* Exercise aim *
Leave every picture behind and copy the rest of the entries below exactly.

Start of Data for this exercise

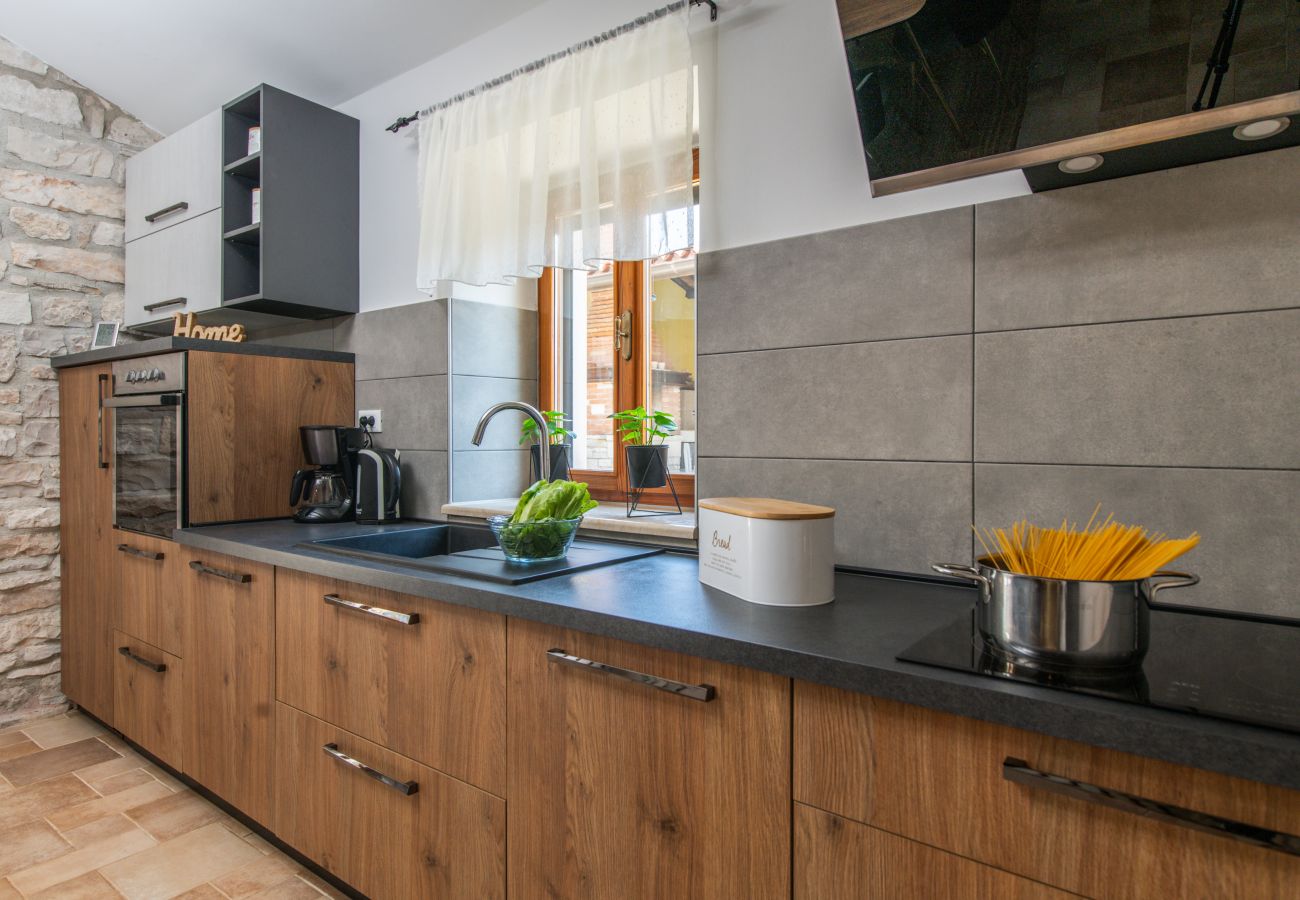 Villa in Krnica - Villa Orada for 6 people with private pool & only 2.5 km from the beach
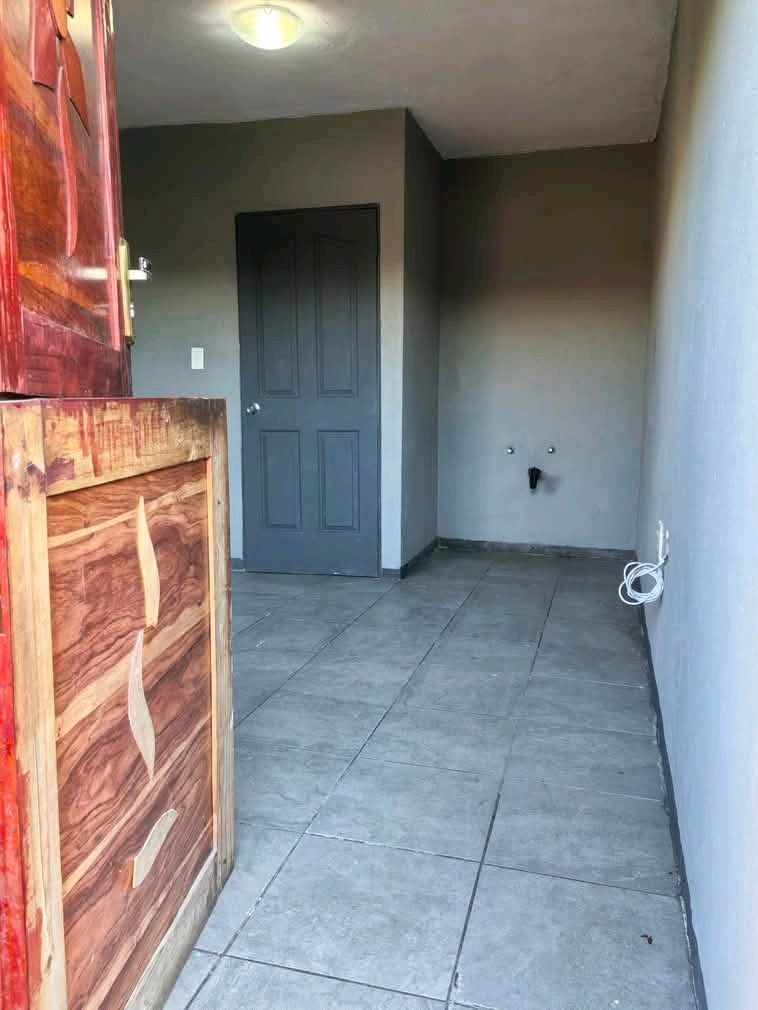Room available for rental at
motsu section n  in Tembisa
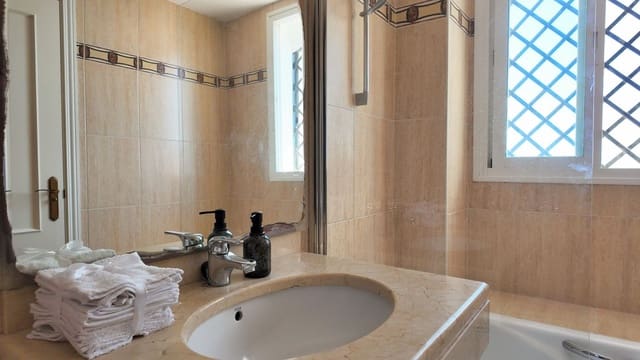 4 bedroom Semi-detached Villa for sale in Benalmádena with pool garage - € 850,000 (Ref: 9552784)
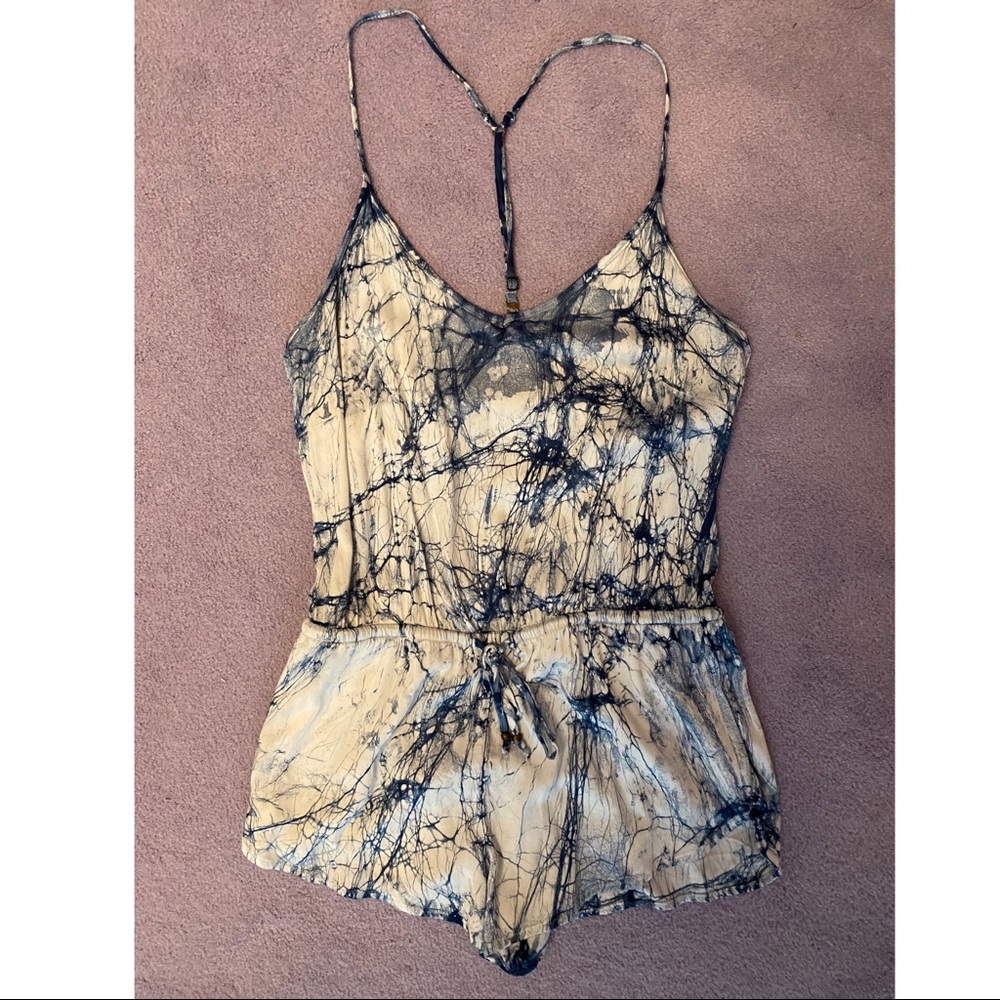 Gypsy 05 blue & white print romper (NWOT)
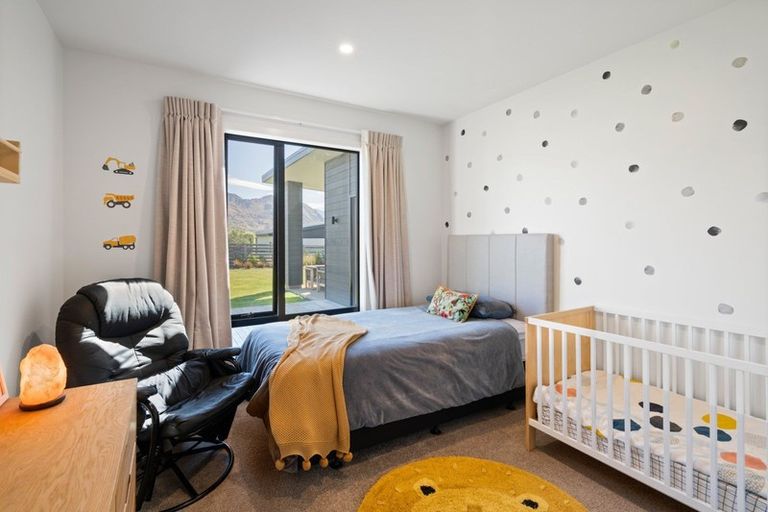 Photo of property in 9 Centre Crescent, Wanaka, 9305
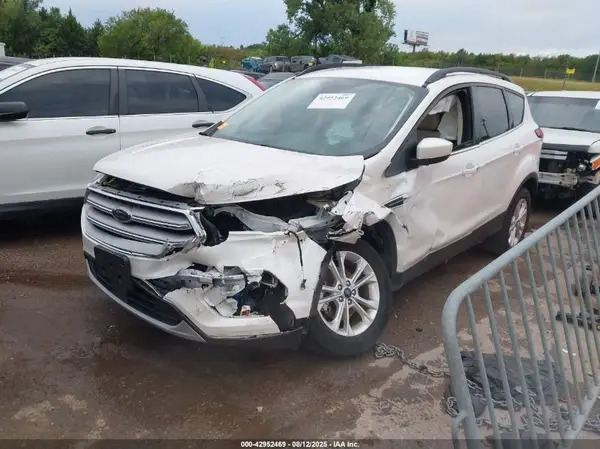 1FMCU0HDXKUA18344 2019 FORD ESCAPE - Image 2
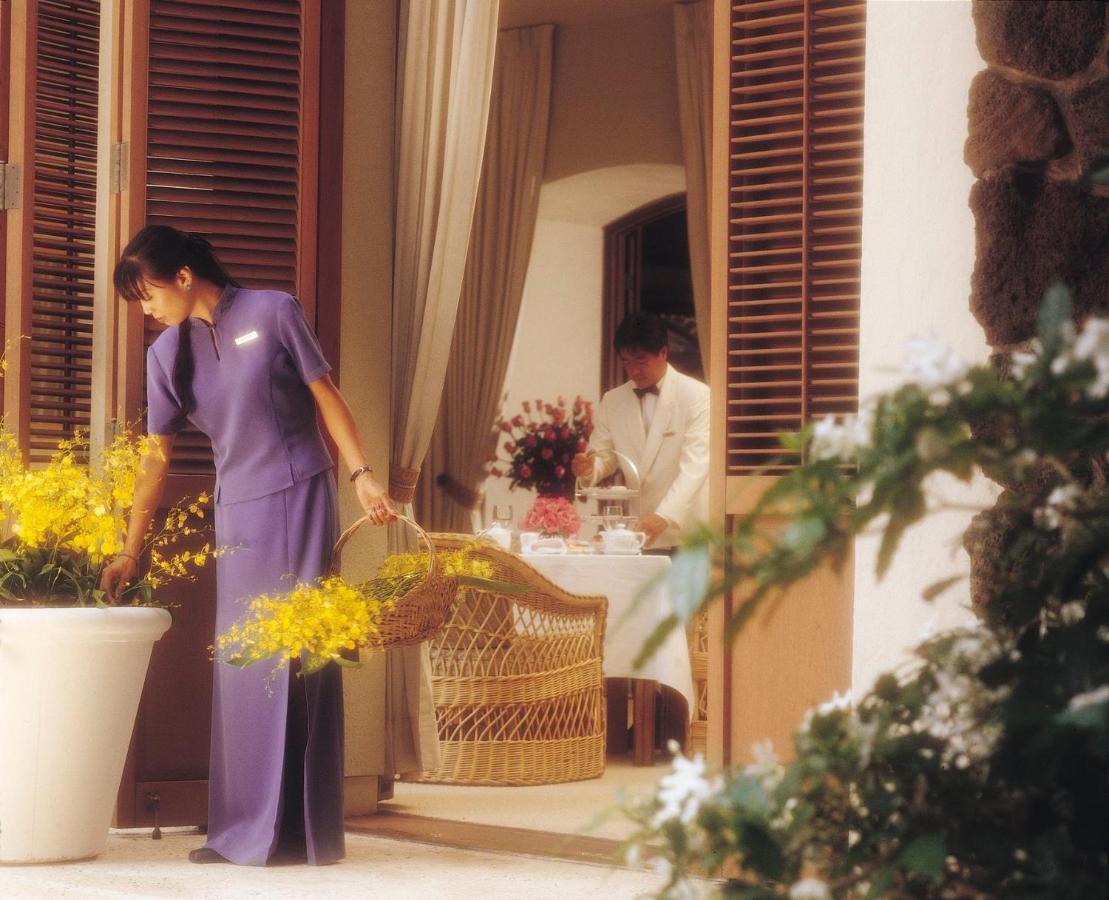 Halekulani - No Resort Fee Χονολουλού Εξωτερικό φωτογραφία A Thai hotel staff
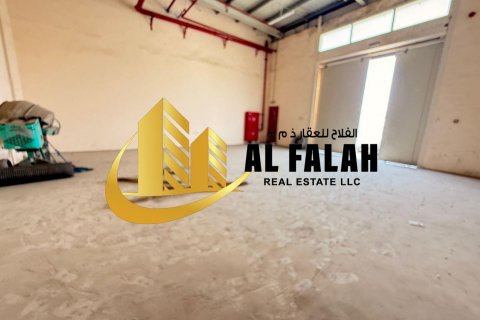 Magazyn do wynajęcia w Al Sajaa, Sharjah, ZEA 98 mkw., nr 635561 - zdjęcie 1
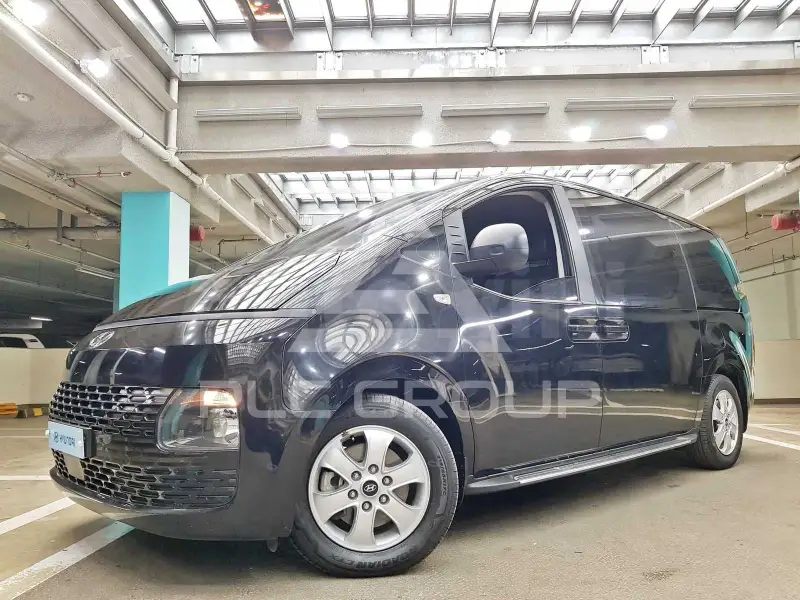 2023 Hyundai Staria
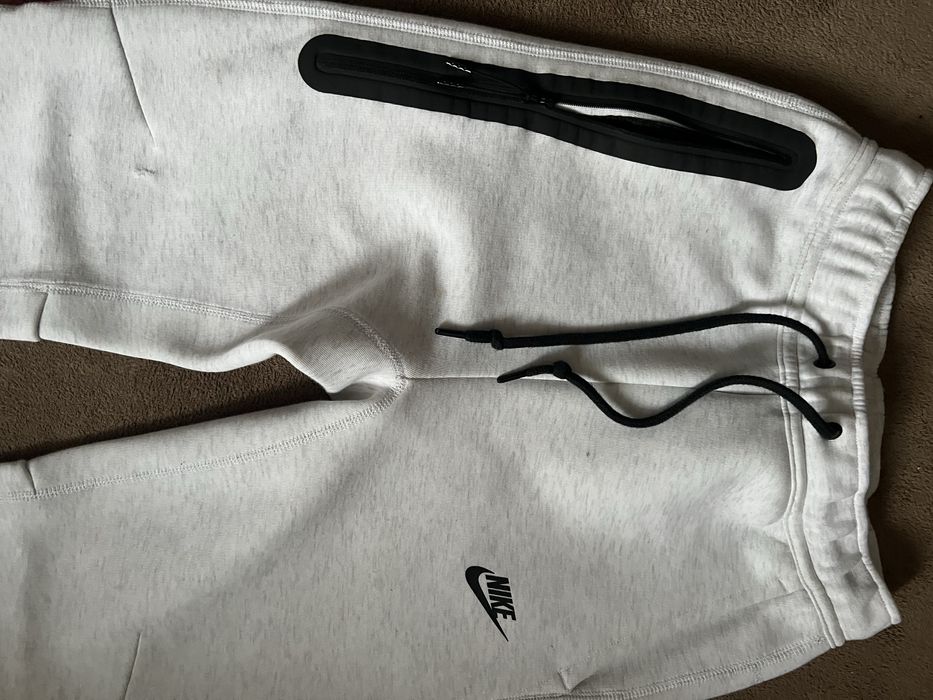 Екип на Nike бял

End of Data for this exercise

* Solution to this problem *
 Villa in Krnica - Villa Orada for 6 people with private pool & only 2.5 km from the beach
Room available for rental at
motsu section n  in Tembisa
 4 bedroom Semi-detached Villa for sale in Benalmádena with pool garage - € 850,000 (Ref: 9552784)
 Gypsy 05 blue & white print romper (NWOT)
 Photo of property in 9 Centre Crescent, Wanaka, 9305
 1FMCU0HDXKUA18344 2019 FORD ESCAPE - Image 2
 Halekulani - No Resort Fee Χονολουλού Εξωτερικό φωτογραφία A Thai hotel staff
 Magazyn do wynajęcia w Al Sajaa, Sharjah, ZEA 98 mkw., nr 635561 - zdjęcie 1
 2023 Hyundai Staria
 Екип на Nike бял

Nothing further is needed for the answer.